Escolha do paciente por conveniência
Essa categoria demonstra como o aluno pensa no momento de selecionar o paciente para realizar a anamnese e o exame físico, bem como o que leva em consideração para procurar um paciente. Analisemos as falas do Quadro 5.
“[...] outra coisa, a gente sempre tende a procurar um paciente mais tranquilo para fazer o exame físico… nunca ninguém faz com um acamado, por exemplo” (Grupo focal 4). |
“No início, quando era só anamnese, a gente procurava um paciente que estivesse disposto a conversar, aí agora a gente já vai mais direcionado […] quem é o paciente da pneumologia ou da cardiologia […]” (Grupo focal 5). |
“[...] um paciente acamado, mais complicado [...] é muito difícil, até para que você não cometa muitos erros” (Grupo focal 2). |
Fonte: Elaborado pelos autores.
Assim, a necessidade de conseguir avaliar um paciente que apresente alterações relacionadas ao assunto que está sendo estudado no momento é um dos motivos que predominam, sendo esses pacientes escolhidos, muitas vezes, por possuírem uma doença específica.

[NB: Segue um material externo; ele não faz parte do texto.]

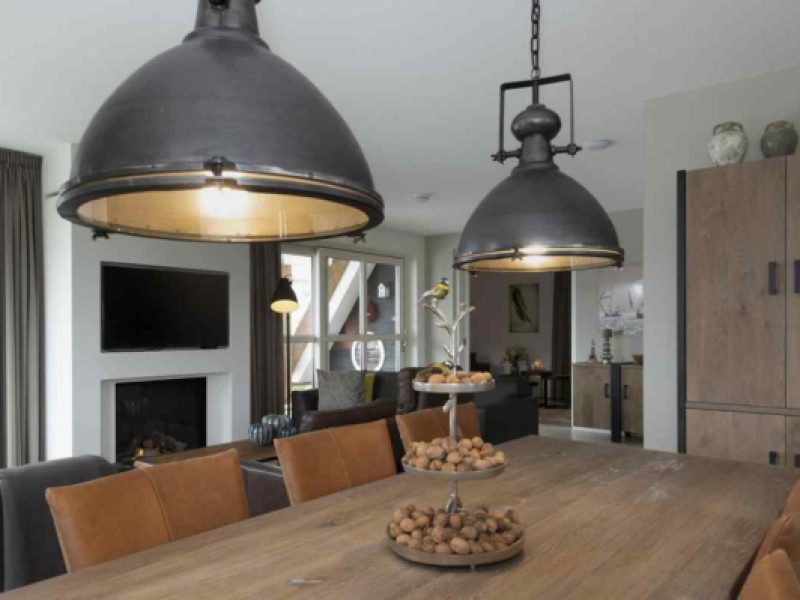 friese meren villas in delfstrahuizen luxe watervilla 8 personen keukentafel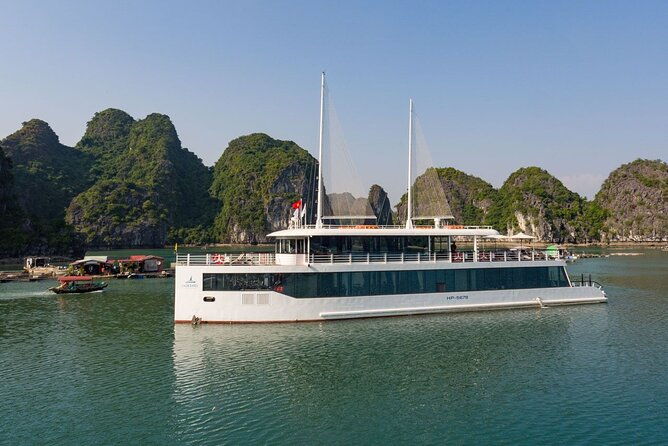 DELUXE Halong Bay Day Tour From Hanoi, Daily Operated  - 2025 - What’s Included & What’s Not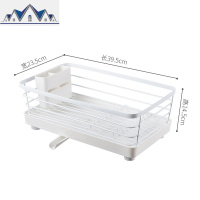 厨房碗架水置物架碗碟架刀架沥水架家用厨房收纳架碗筷滤水架 三维工匠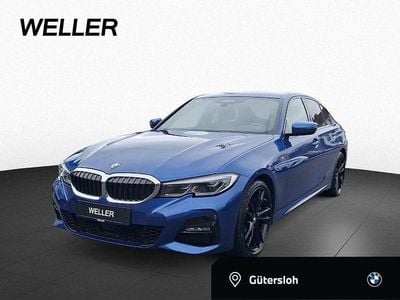 Portimao blau (blau) Gebraucht 2019 BMW 330 Shadowline Limousine | 33.490 € (Fairer Preis)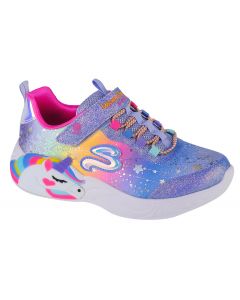 Skechers S-Lights Unicorn Dreams 302311L-BLMT dla dziewczynki buty sneakers, Niebieskie 001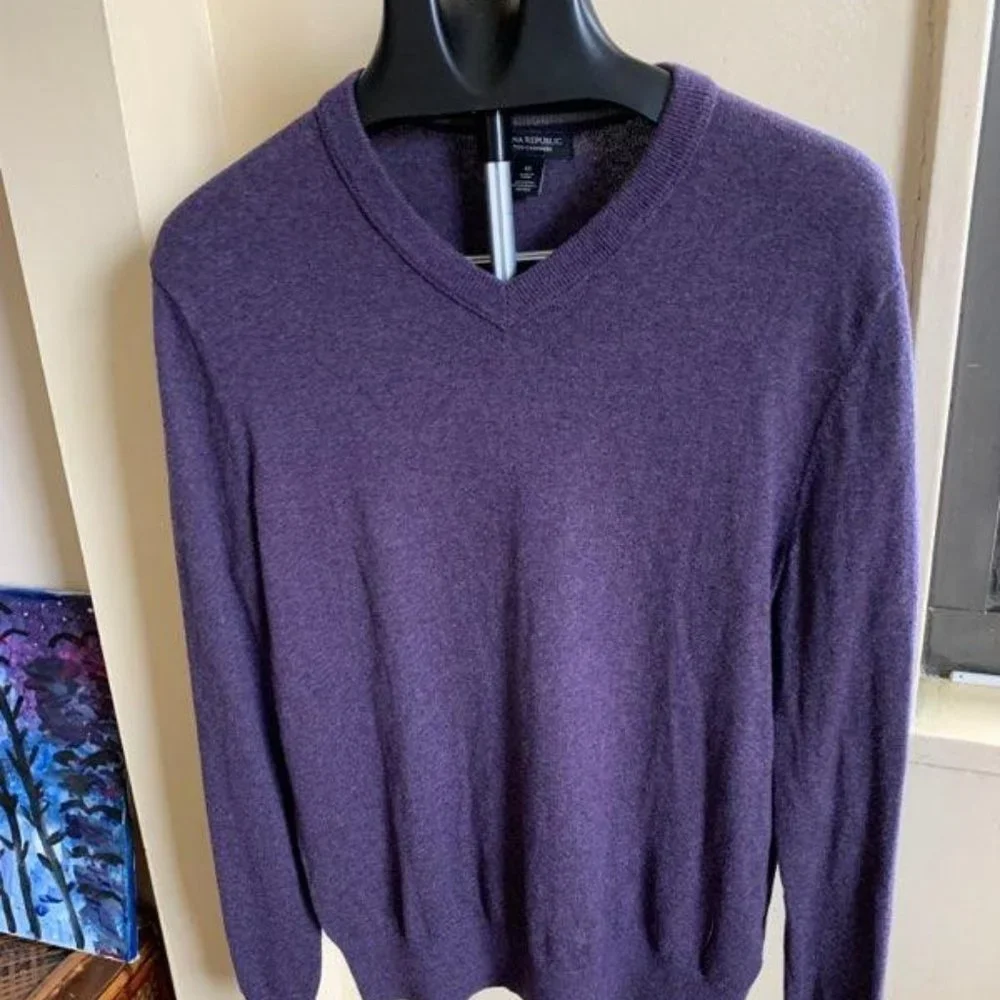 Banana Republic cotton Cashmere sweater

Além disso, a personalidade e a disponibilidade do paciente em ofertar ou não o seu tempo ao estudante contam muito na escolha deste. Tal fato foi observado em um estudo em que 20,3% dos estudantes participantes demonstraram ter dificuldades em encontrar o paciente “ideal”, ou seja, aquele que estivesse disposto a facilitar a realização da anamnese e do exame físico, bem como sentiam-se angustiados em fazer essa busca³.
CONCLUSÕES
Verifica-se que a insegurança, a inexperiência e a sensação de estar utilizando o paciente como um objeto são percepções que geram desconforto nos estudantes e dificultam seu aprendizado.
Além disso, os alunos se preocupam com a situação dos pacientes que são, frequentemente, expostos e avaliados por eles. Entendem que o paciente pode sentir que seu espaço foi invadido e sabem que ele, muitas vezes, não tem a liberdade de dizer se gostaria ou não de ser examinado por estudantes e professores.
Tais percepções podem limitar o aprendizado quando são vivenciadas sem proporções maiores e irrealísticas. Ao mesmo tempo, quando acolhidas e usadas de forma favorável à formação médica, não impedem a realização do exame e podem fortalecer, no estudante, a atenção ao vínculo e um maior o cuidado com o outro.
Desse modo, conhecer as reações do estudante que são inerentes ao enfrentamento na formação médica pode favorecer a construção de habilidades médicas de forma mais saudável para o aluno e positivas para a relação estudante-paciente, apresentando-se, portanto, como um campo importante de pesquisa médica direcionada a oferecer recursos que promovam a melhoria do ensino-aprendizagem.